The first memory challenge for improving life with dementia is finding the sweet spot where your loved one’s memories are still strong. For Alzheimer’s disease, the sweet spot will be long-term memories rather than more recent. An old adage describing Alzheimer’s is first in, last out. Meaning that the memories of early life persist much longer than those of recent life. This explains why the individual suddenly begins to refer to his wife as his mother. A person with Alzheimer’s rarely remembers how to use a cell phone or microwave, but they can describe their first automobile in detail.
Memory research shows a reminiscence bump in early adulthood, which correlates to the most frequently verbalized memories. This may well be the mother lode of memories for your loved one regardless of diagnosis. Good reminiscent activities to share from that time period include:
- Creating a scrapbook of pictures
- Visiting neighborhoods
- Eating foods they remember
- Listening to music from that era
These strategies will enable you and your loved one to make new memories while re-living old ones.

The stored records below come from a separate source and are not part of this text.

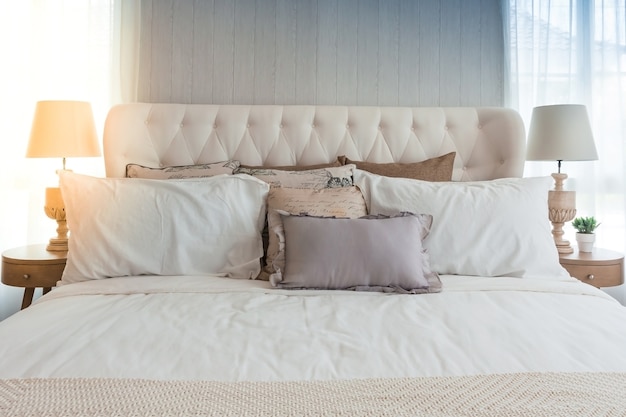 primer plano de la nueva comodidad de la cama con almohadas decorativas cabecero en el dormitorio
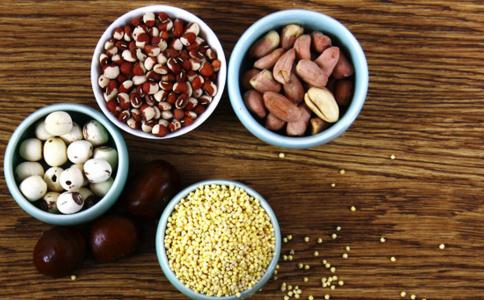 三招调理节后饮食：素食解油腻 膳食纤维除便秘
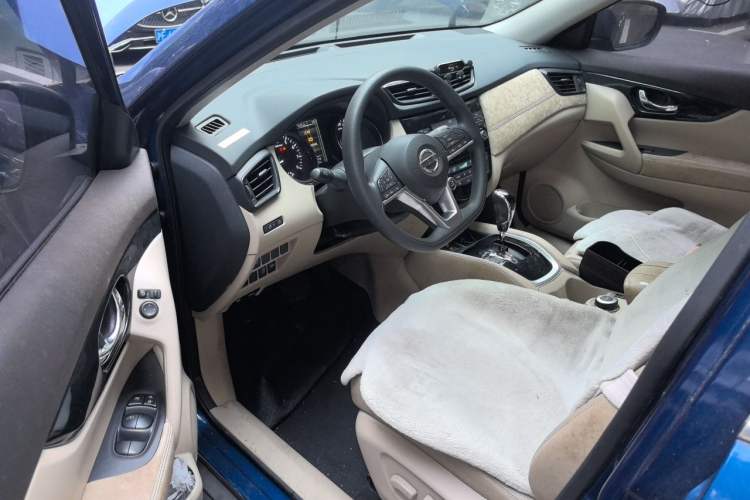 Used Nissan X-Trail 2017 2.5L CVT 7-Seater Leading Edition 4WD Driver Seat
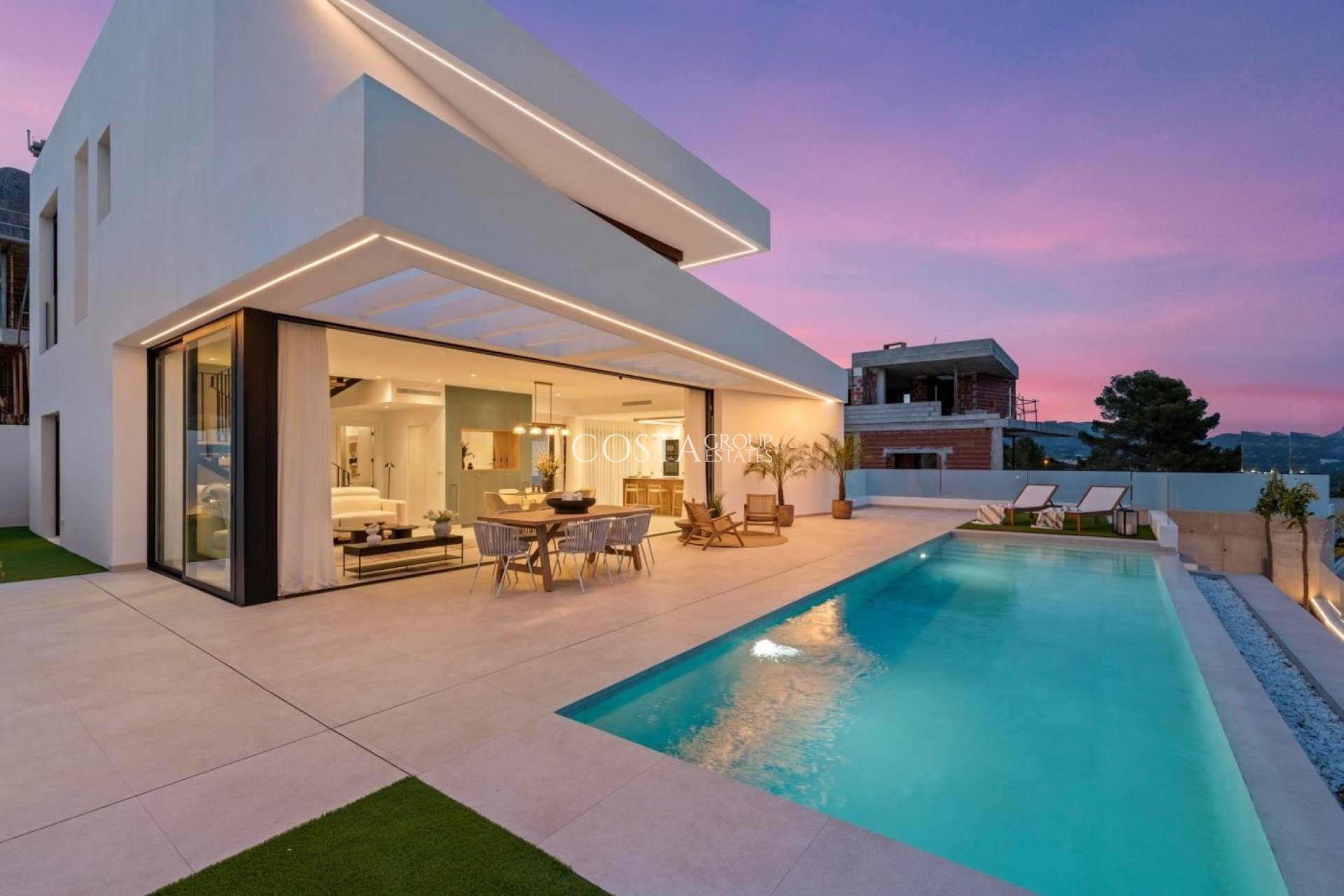 Neue Gebäude - Villa -
Polop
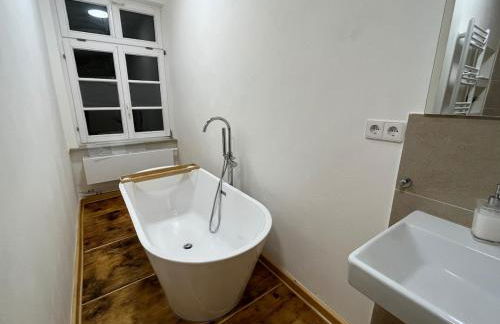 Historic Building- 9 Bedrooms - Groups up to 26 - Foto 20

Meanwhile as a caregiver, you are struggling with all that feels lost in the recent relationship. It is advisable for you to have a memorial object to help you remember the good times. Possible memorial objects could include:
- A picture of you and your loved one in better days
- A talisman representing a great memory
- A favorite piece of jewelry, pen, key or piece of clothing which reminds you of shared good times
A recent study shows that reminiscence contributes to mental health by enhancing coping strategies and overcoming psychological distress.1 When living with dementia, it is memory which not only causes the most pain but can also cause the most joy.

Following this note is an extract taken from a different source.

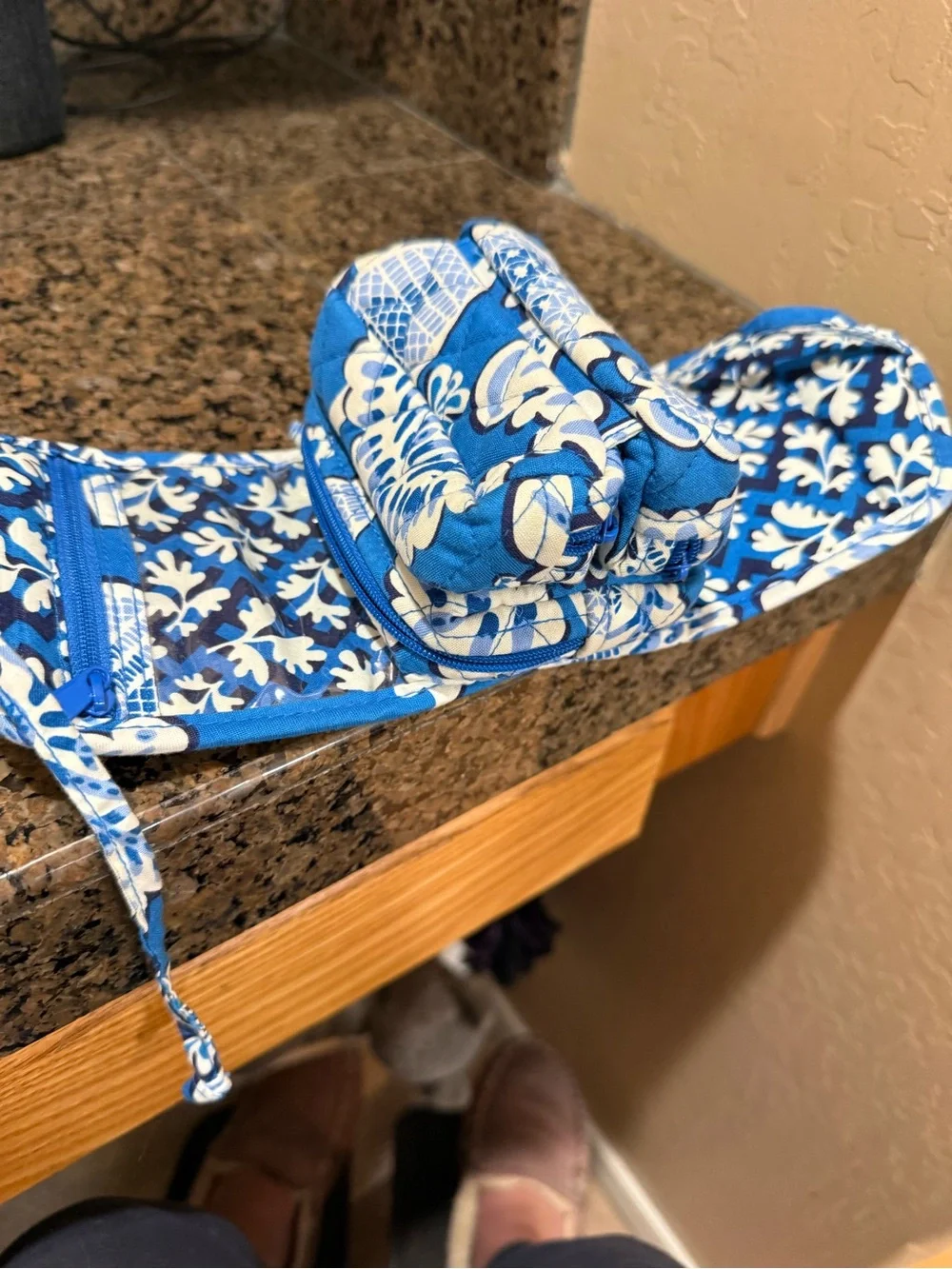 Vera Bradley All wrapped up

Cate McCarty, PhD, ADC has been collaborating with Arden Courts in a variety of roles since the late 90’s. Her background in nursing, activities and admissions has given her a passionate commitment to quality of life for the individual and family with dementia.
1Satorres, E., Viguer, P., Fortuna, F.B., Meléndez, J.C. (2017). Effectiveness of instrumental reminiscence intervention on improving coping in healthy older adults, Stress and Health, August 18.